Lead author Lizhong Zhang explained, “This is the first time we’ve been able to see what happens when the most important physical processes in black hole accretion are included accurately. These systems are extremely nonlinear—any over-simplifying assumption can completely change the outcome. What’s most exciting is that our simulations now reproduce remarkably consistent behaviors across black hole systems seen in the sky, from ultraluminous X-ray sources to X-ray binaries. In a sense, we’ve managed to ‘observe’ these systems not through a telescope, but through a computer.”
The team ran a survey of radiation-dominated accretion flows across different mass accretion rates, two values of black hole spin, and varying magnetic field setups. Their models used a new algorithm that directly solves the radiation transport equation in general relativity, made possible by access to modern exascale supercomputers.
The results showed that when black holes accrete (or accumulate) matter at rates above the so-called Eddington limit, the flows form thick, radiation-pressure-supported disks that push out strong equatorial winds. In this regime, a narrow funnel-shaped photosphere near the center leads to very low radiative efficiency, meaning much of the energy is trapped rather than released as light.
The Eddington limit is the maximum luminosity an accreting black hole (or star) can sustain before radiation pressure pushes material away, halting further accretion. For black holes, it sets a theoretical cap on how fast they can grow.
For accretion near or below the Eddington limit, the structure depended on magnetic flux: with net vertical flux, the disk formed a thin, dense midplane layer surrounded by a magnetically dominated corona; without flux, the disk remained magnetically dominated throughout. None of the models reached the magnetically arrested disk state, but those with net flux and rapidly spinning black holes still produced powerful relativistic jets.
The study focused on stellar mass black holes, about ten times the mass of the Sun. These are harder to observe directly than supermassive black holes, which can be imaged, so researchers rely on spectra to understand them. Because stellar mass black holes evolve on timescales of minutes to hours, they are useful for studying how these systems change in real time. The team’s simulations matched well with observational data, including spectra from X-ray binaries and ultraluminous X-ray sources such as Cyg X-3 and SS433. They also suggested that their super-Eddington models might help explain the “little red dots” recently spotted by the James Webb Space Telescope.

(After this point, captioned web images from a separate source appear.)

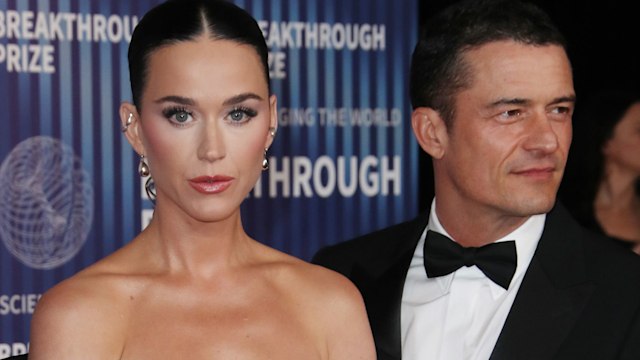 Katy Perry in an off-the-shoulder black dress and Orlando Bloom in a tux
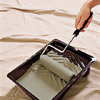 man rolling paintbrush in the paint tray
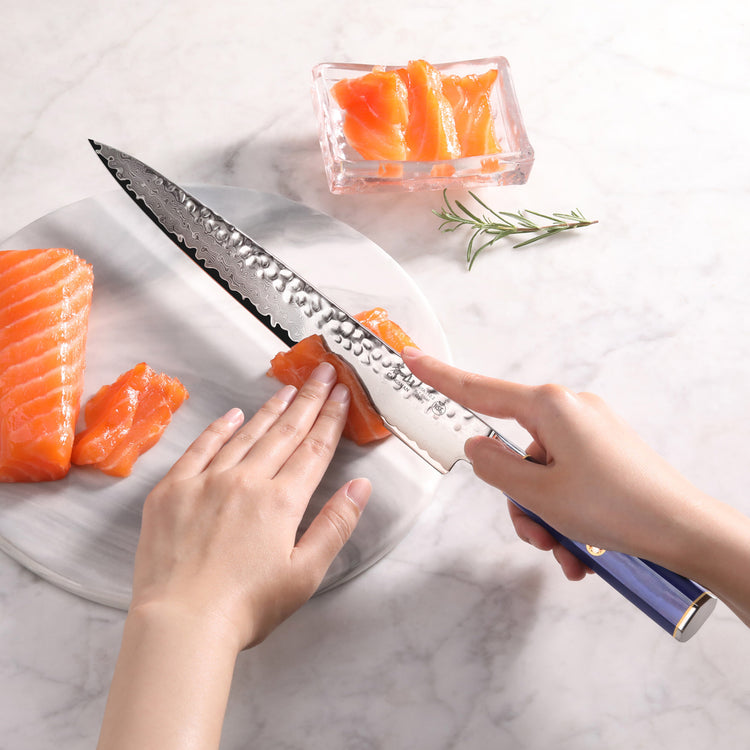 Hands slicing raw salmon on a white plate using a 10-inch sashimi knife with a blue handle.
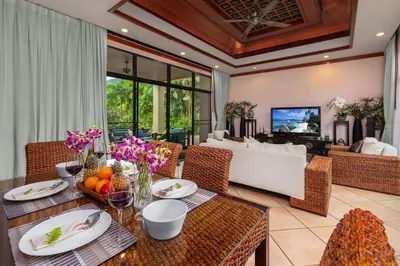 a living room with a table and a couch at Villa Raas 3BR Private PoolNaiharn beach in Nai Harn Beach
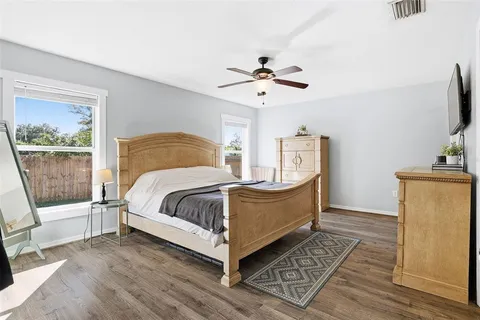 a bedroom with a bed wooden floor and window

The work was powered by two of the world’s fastest computers, AMD-powered Frontier at Oak Ridge National Laboratory and Intel-based Aurora at Argonne National Laboratory. These exascale machines can perform a quintillion operations per second, allowing the team to handle equations that were previously too complex. Christopher White designed the radiation transport algorithm, while Patrick Mullen implemented it in the AthenaK code optimized for exascale computing.
Looking ahead, the researchers plan to extend their approach to supermassive black holes, which shape the evolution of galaxies, and other types of black holes too. They aim to refine their models to capture how radiation interacts with matter under different conditions. Co-author James Stone summed up the achievement: “What makes this project unique is, on the one hand, the time and effort it has taken to develop the applied mathematics and software capable of modeling these complex systems, and, on the other hand, having a very large allocation on the world’s largest supercomputers to perform these calculations. Now the task is to understand all the science that is coming out of it.”